Für ihren 2015er Jahrgang ziehen die Serkowitzer mit ihrem neuen Stück nun hinter das Areal in den früheren Backstagebereich. Die Saloppe hat ihn zum Theater neu eingerichtet. Mit ihrem historische Zirkuswagen als Bühne, in seinen Winkeln Garderobe und Requisite zugleich. Der überdachte Zuschauerbereich bleibt luftig; im Ganzen mit Schaubudencharakter von nostalgischem Flair.
Bescheidenheit macht groß
In einer Rahmenhandlung, die an Goethes „Jahrmarktsfest“ nicht mehr als nur erinnert, findet das eigentliche Musiktheaterstück statt: ein Öperchen nach Mozarts „Entführung“. Die große Oper ist auf vierzig Minuten eingedampft, wobei er keine Note Mozarts angerührt habe, betont Milko Kersten. Das Spiel im osmanischen Serail bringt die willkommene Gelegenheit für komödiantische Randbemerkungen zur aktuellen Morgenland-Abendland-Misere. Das Stück aus dem späten 18. Jahrhundert weist auf manche der Vorstellungen, die sich die europäische Gesellschaft von fremden Kulturen macht, damals und heute.
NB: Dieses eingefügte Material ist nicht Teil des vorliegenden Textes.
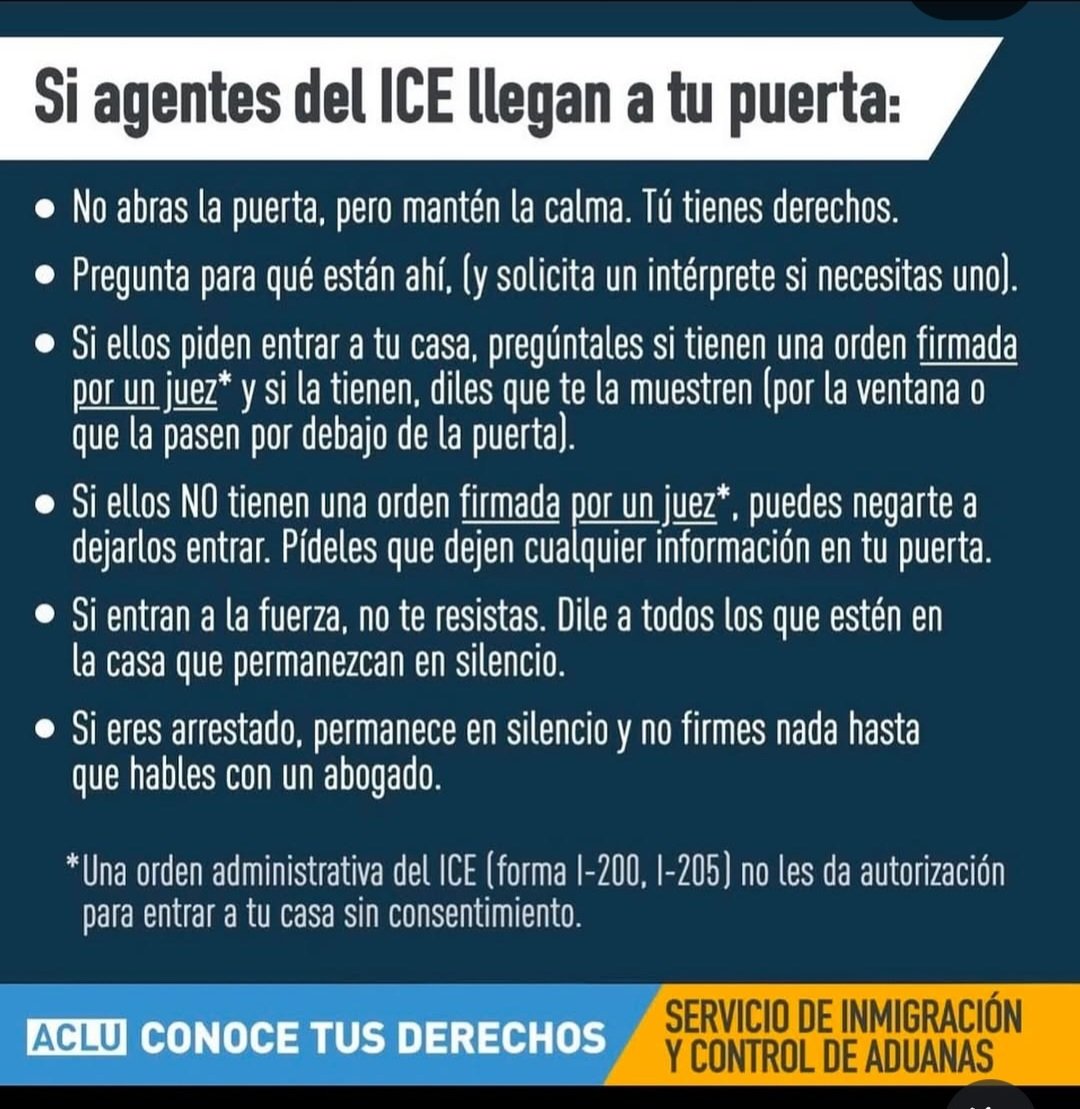 Información para redadas de ICE, español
Auch die „Mangelwirtschaft in Serkowitz“, wie es im Titel lautet, ist aktuell, bezieht sich jedoch auf die Produktion und die Situation des Teams. Denn lange war die Finanzierung der Produktionskosten nicht gesichert, weil der Hauptförderer absprang. Erstmals hatte die Serkowitzer Volksoper daher eine Spendenaktion ins Internet gestellt, deren Spendenziel – 6.100 Euro – inzwischen erreicht ist.
Groß ist die Bühnenfläche des Zirkuswagens wahrlich nicht. Dies und der Sparzwang bei Ausstattung und Personal ließ die Entwickler des Stücks auf die Besetzung mit nur drei Darstellern kommen. Die schlüpfen abwechselnd in viele der Rollen, deren Anzahl fürs Original des „Jahrmarktfest“ mit 29 und der „Entführung“ mit 9 angegeben sind.
Spannend, wie die beiden Sopranistinnen und ein Bariton zu dritt ein mozartisches Sextett singen! Von komödiantischem Reiz ist diese Verdichtung, erfordert jedoch auch ein präzises Spiel und hohes sängerisches Können, was Marie Hänsel, Dorothea Wagner und Cornelius Uhle auch mitbringen. Alle drei sind Absolventen der Hochschule für Musik Carl Maria von Weber und keine Neulinge in ihrem Metier, bei der Serkowitzer Volksoper auch nicht.
Sie schätzen die vollkommene Einbindung in das Theatermachen, von der Entstehung des Stücks bis zum Handlangen des Schminkens in Eile und fast ohne Licht, das familiärem Zusammen aller Beteiligten, die in diesem Jahr gerade mal zehn Personen sind. Übereinstimmend sagen alle drei Sänger „ein Lustfaktor ist dabei“; die minimale Gage aus Abendeinnahmen sei eher nebensächlich. Die Regie führt wie immer Wolf-Dieter Gööck. Die musikalische Leitung hat Milko Kersten. Am Synthesizer ersetzt Kersten als Ein-Mann-Band das Orchester. Für die Ausstattung, sparsamst bei der Requisite, üppig-fantasievoll im Kostüm, zeichnet wie schon in den Vorjahren bewährt, Coco Ruch verantwortlich.
Weitere Aufführungen: 6. September, 13. September, 20. September, 27. September.